• **What to produce**: Would you please transcribe the listing exactly, with no images?

• **Data below**:
....

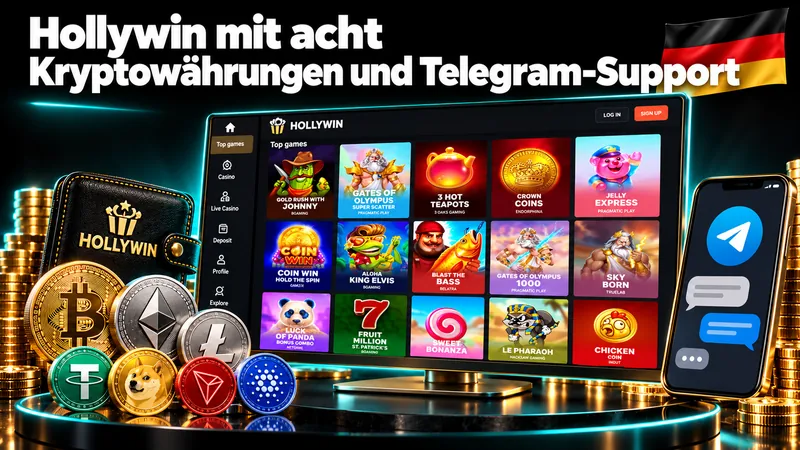 Hollywin-Spiellobby mit Kryptowährungen und Telegram-Kontakt
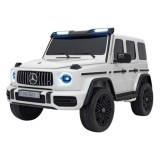 JOKO Veľké Elektrické Autíčko Mercedes Benz G63 AMG XXL STRONG 2x280W, 2x24V, Dvojmiestne kožené sedadlo, penové kolesá, biele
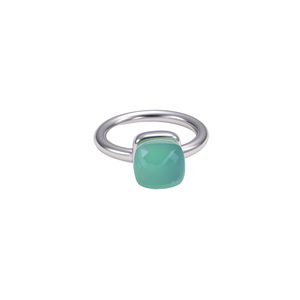 Bague en acier inoxydable style luxe léger japonais et coréen, forme cube de sucre irrégulier, avec zircon et émeraude, motif champignon - Product Image 3
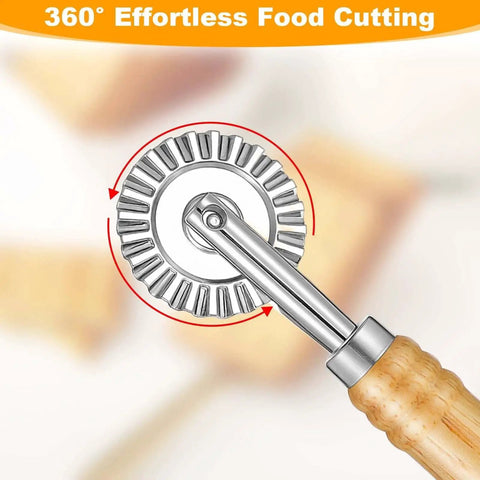 Versatile Long Handle Pastry And Pasta Cutter Wheel With Crinkle Edge For Effortless Slicing Of Ravioli Dumplings And Lasagna Pierogi And Beautiful Lattice Crusts Stainless Steel Construction TIESOME close-up view with bamboo handle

....

• **Task response**:
 Hollywin-Spiellobby mit Kryptowährungen und Telegram-Kontakt
 JOKO Veľké Elektrické Autíčko Mercedes Benz G63 AMG XXL STRONG 2x280W, 2x24V, Dvojmiestne kožené sedadlo, penové kolesá, biele
 Bague en acier inoxydable style luxe léger japonais et coréen, forme cube de sucre irrégulier, avec zircon et émeraude, motif champignon - Product Image 3
 Versatile Long Handle Pastry And Pasta Cutter Wheel With Crinkle Edge For Effortless Slicing Of Ravioli Dumplings And Lasagna Pierogi And Beautiful Lattice Crusts Stainless Steel Construction TIESOME close-up view with bamboo handle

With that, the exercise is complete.